When the first contact device 410 attempts to contact based on the
acquired temporary contact information, the relay system 430 may
transfer information on the attempt of the first contact device 410
to the second contact device 420 used by the receiver using the
actual contact information. When the receiver sends a reply to the
relay system 430 based on the information received from the relay
system 430, the relay system 430 may transfer the reply to the
sender based on the temporary contact information, so that the
reply may be displayed on the first contact device 410.
[0066] As described above, the sender and the receiver may
communicate with each other using different contact
information.
[0067] Various embodiments have been described above in the present
specification, however, various modifications may be performed
within a scope of the present invention.
[0068] In other words, in the present invention, a right to access
contact information may be controlled based on a CAPTCHA and a
reputation system. However, the present invention is not limited to
the described embodiments and drawings, and may be applied within a
scope in which a technical aspect of increasing safety by
controlling an access to contact information is protected.
[0069] Additionally, a scheme of controlling a right to access
contact information may equally be applied to information
registered in a profile, other than contact information. In
addition, controlling of a right to use released contact
information based on a relay system may refer to controlling a
right to use contact information using a relay system, and
accordingly the present invention may also be applied within a
scope in which a technical aspect is protected, without a
limitation thereto.
[0070] FIG. 5 is a diagram illustrating an actual contact number
and a temporary contact number of a user that are stored in a
database, according to an embodiment of the present invention.
[0071] The database may store temporary contact numbers
corresponding to actual contact numbers, for each user.

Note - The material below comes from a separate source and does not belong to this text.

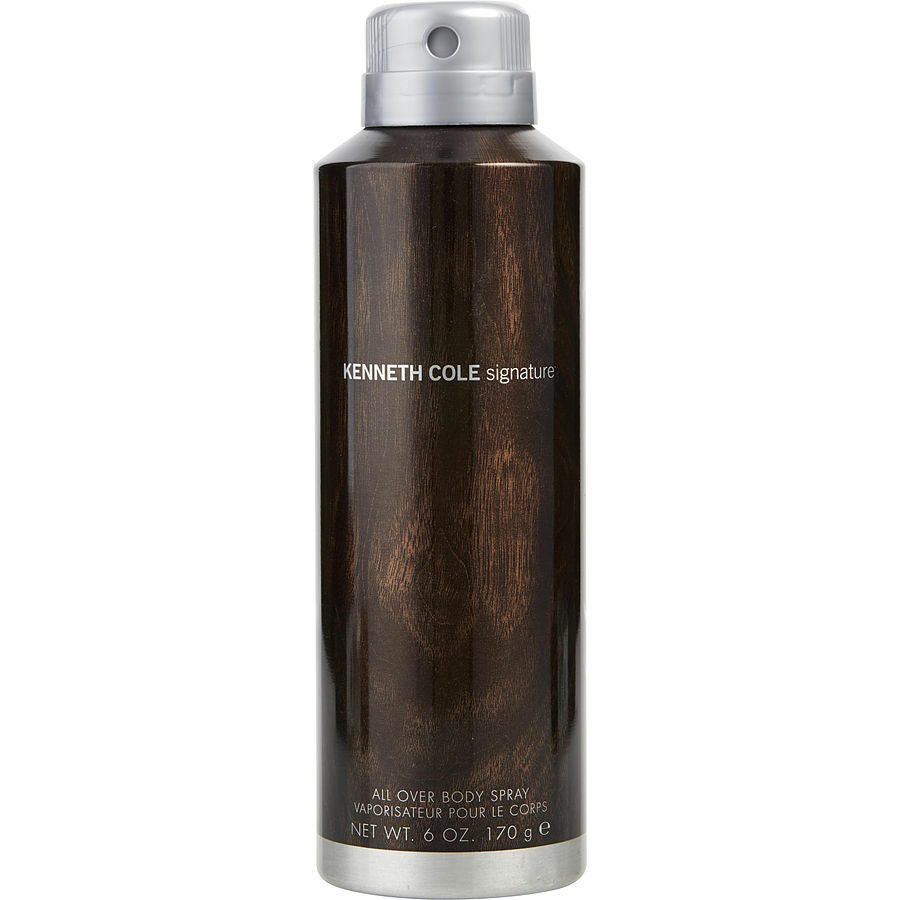 Kenneth Cole Signature Body Spray By Kenneth Cole 6 oz Body Spray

[0072] As indicated by a dotted box 510 of FIG. 5, a user ID "SONG"
may be stored in association with an actual contact number
"010-7256-2121" and temporary contact number "010-0000-1111."
[0073] For example, when an external communication terminal sends a
text message at the temporary contact number "010-0000-1111" that
is stored in a profile of a user having the user ID "SONG", the
relay system 430 may transfer the text message at the actual
contact number "010-7256-2121" corresponding to the temporary
contact number "010-0000-1111", based on the database.
[0074] When a spam text message or an advertising call is
frequently received at the temporary contact number
"010-0000-1111", the user having the user ID "SONG" may request the
privacy protection system to change the temporary contact number
displayed in a profile.
[0075] FIG. 6 is a flowchart illustrating an operation method of a
privacy protection system according to an embodiment of the present
invention.
[0076] Referring to FIG. 6, in operation 601, an acquisition
attempt detecting unit may detect an external communication
terminal that attempts to acquire contact information included in a
profile.
[0077] In operation 602, an access controller may provide the
detected external communication terminal with a right to use the
contact information, and may determine whether the contact
information is to be provided.
[0078] For example, when the right to use the contact information
is provided to the external communication terminal, and when the
contact information is provided, a determination may be made as to
whether the contact information is identical to actual information
of a user in operation 603.
[0079] When the contact information is identical to the actual
information, the contact information may be provided to the
external communication terminal in operation 604.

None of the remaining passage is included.